Given information:

☆ ☆ ☆

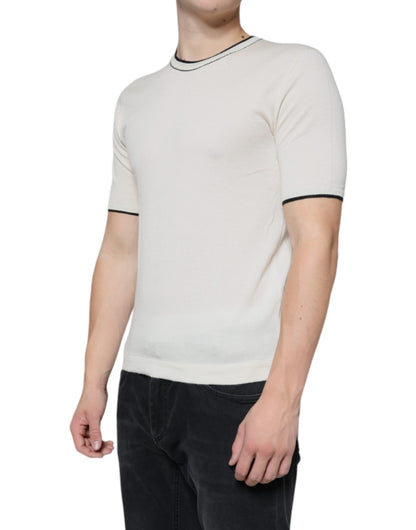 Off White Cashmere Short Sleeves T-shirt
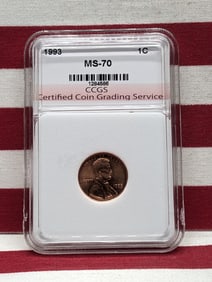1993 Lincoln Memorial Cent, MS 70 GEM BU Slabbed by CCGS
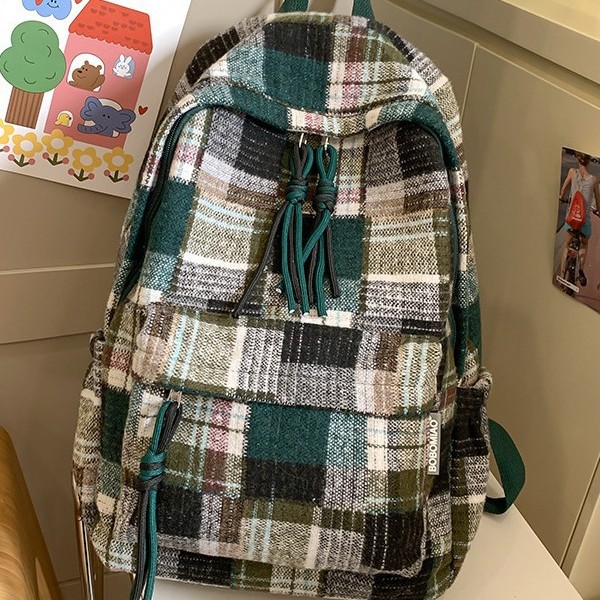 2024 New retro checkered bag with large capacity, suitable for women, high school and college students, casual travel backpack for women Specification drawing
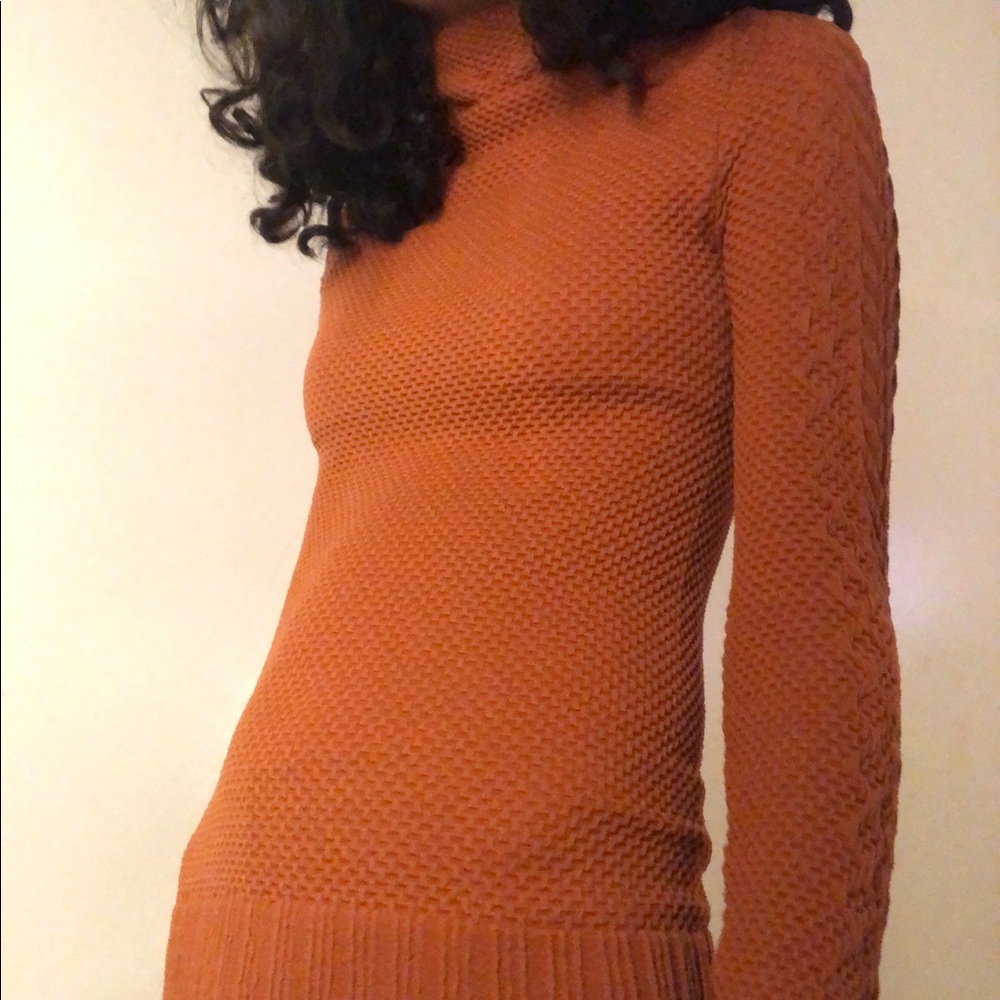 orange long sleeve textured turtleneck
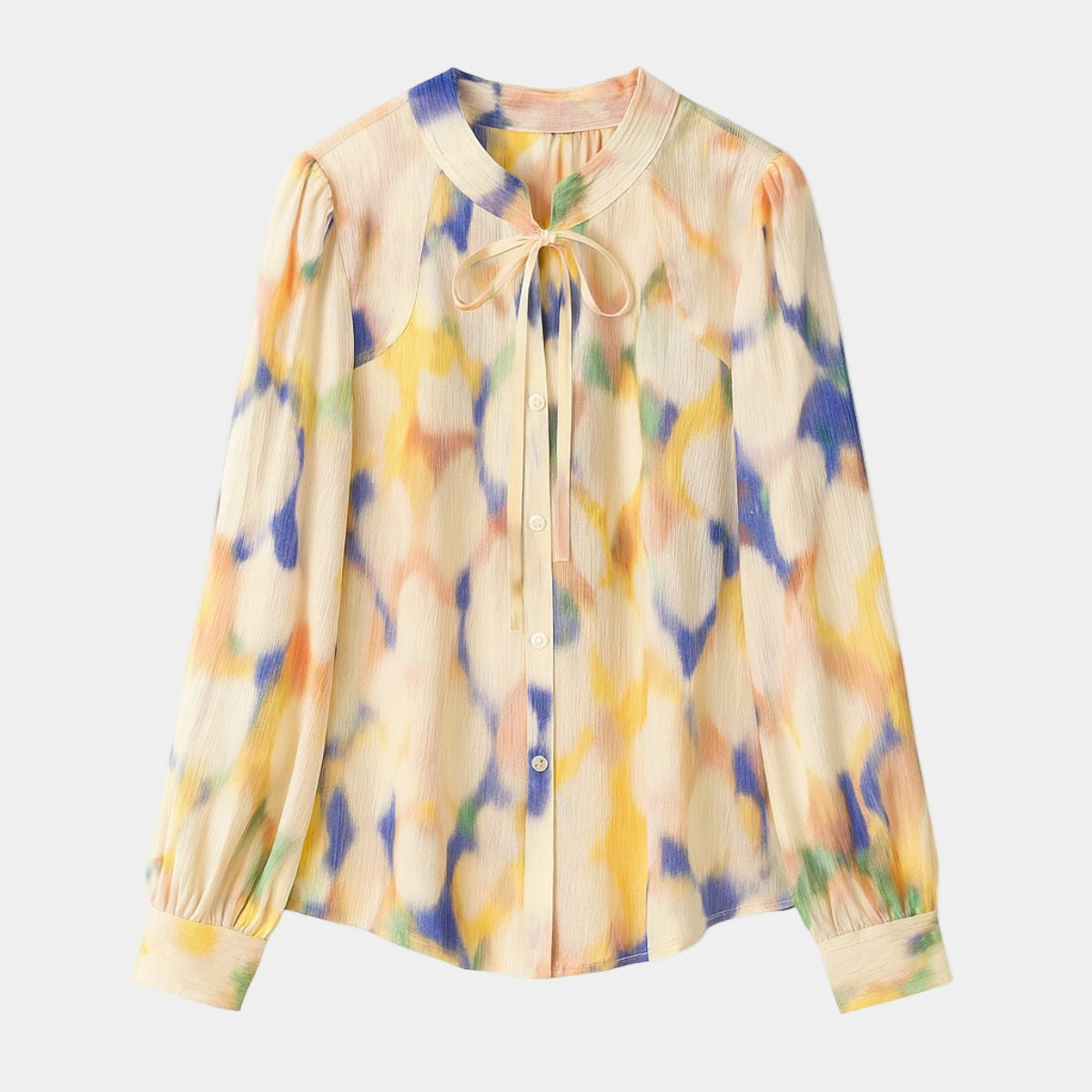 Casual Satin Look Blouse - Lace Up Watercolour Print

☆ ☆ ☆

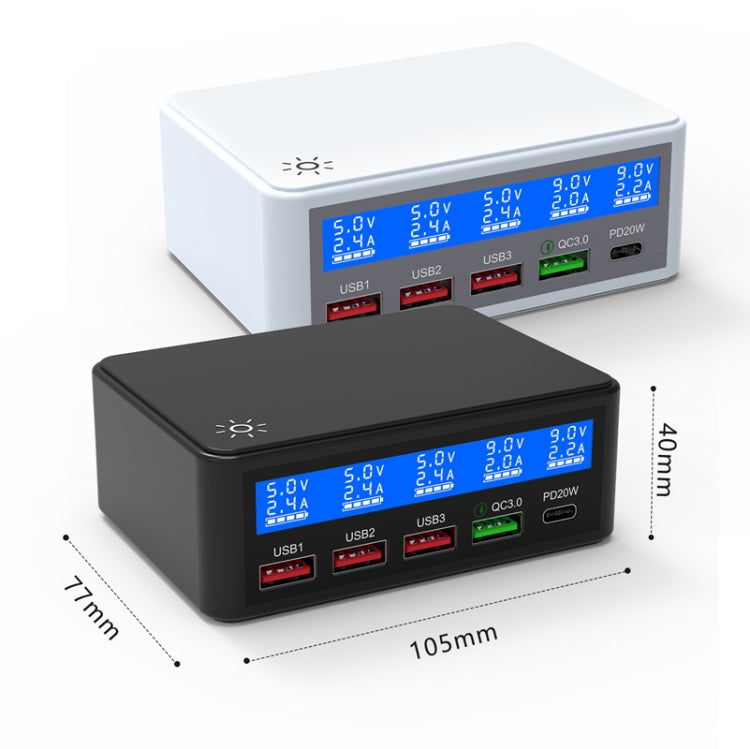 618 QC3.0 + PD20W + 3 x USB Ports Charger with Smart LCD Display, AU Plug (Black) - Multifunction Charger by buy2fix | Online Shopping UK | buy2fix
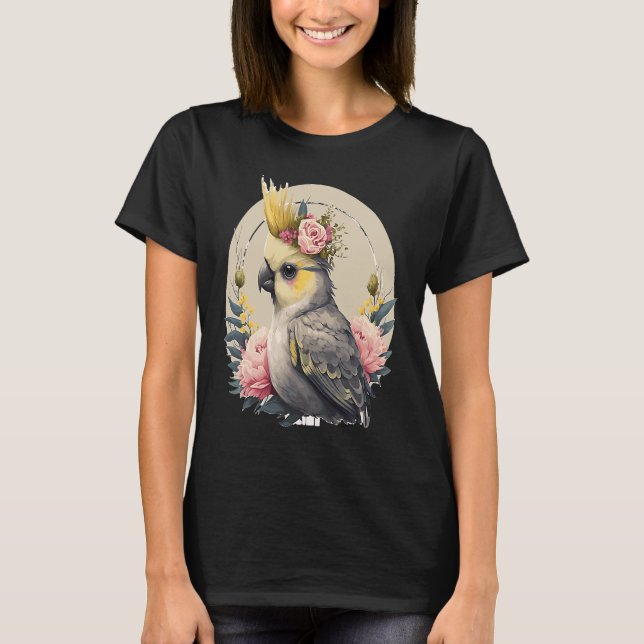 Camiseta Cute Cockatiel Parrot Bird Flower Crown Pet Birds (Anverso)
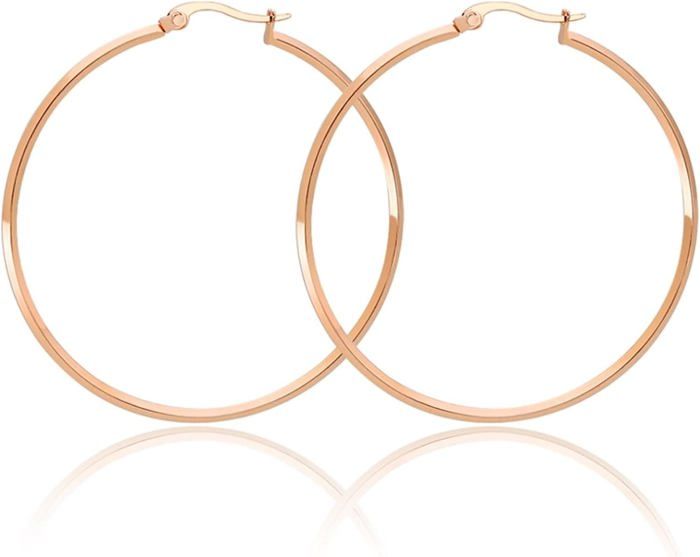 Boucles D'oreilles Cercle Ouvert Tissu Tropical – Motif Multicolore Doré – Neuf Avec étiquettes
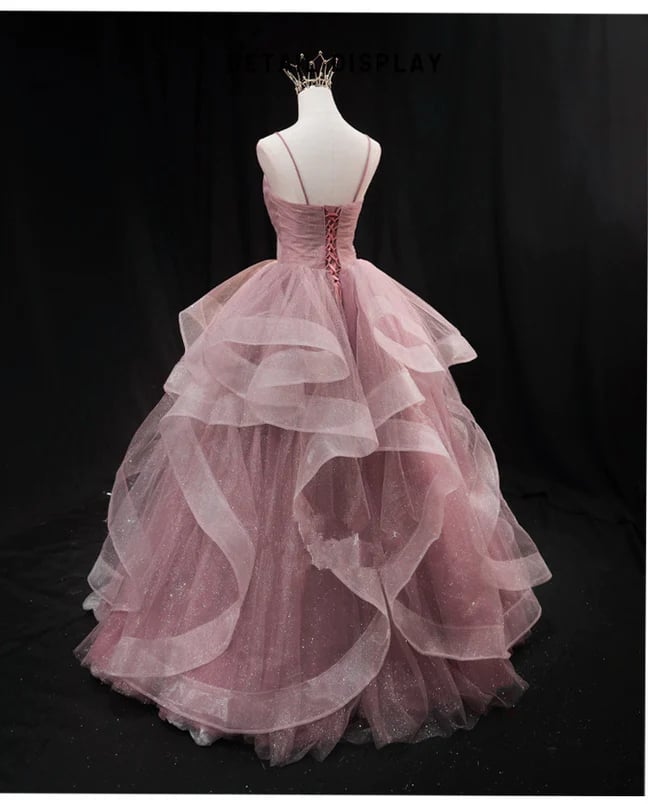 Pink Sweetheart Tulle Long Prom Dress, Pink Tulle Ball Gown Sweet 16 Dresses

☆ ☆ ☆

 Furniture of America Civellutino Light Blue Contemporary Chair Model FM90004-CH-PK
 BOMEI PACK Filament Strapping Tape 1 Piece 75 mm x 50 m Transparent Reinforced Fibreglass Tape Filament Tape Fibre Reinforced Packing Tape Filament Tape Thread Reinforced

☆ ☆ ☆

Aim of the task: Respond with the exact lines above running from the one containing "Off White Cashmere Short Sleeves T-shirt" to the one containing "Casual Satin Look", both ends kept and no pictures included.

Solution to this task:
 Off White Cashmere Short Sleeves T-shirt
1993 Lincoln Memorial Cent, MS 70 GEM BU Slabbed by CCGS
 2024 New retro checkered bag with large capacity, suitable for women, high school and college students, casual travel backpack for women Specification drawing
 orange long sleeve textured turtleneck
 Casual Satin Look Blouse - Lace Up Watercolour Print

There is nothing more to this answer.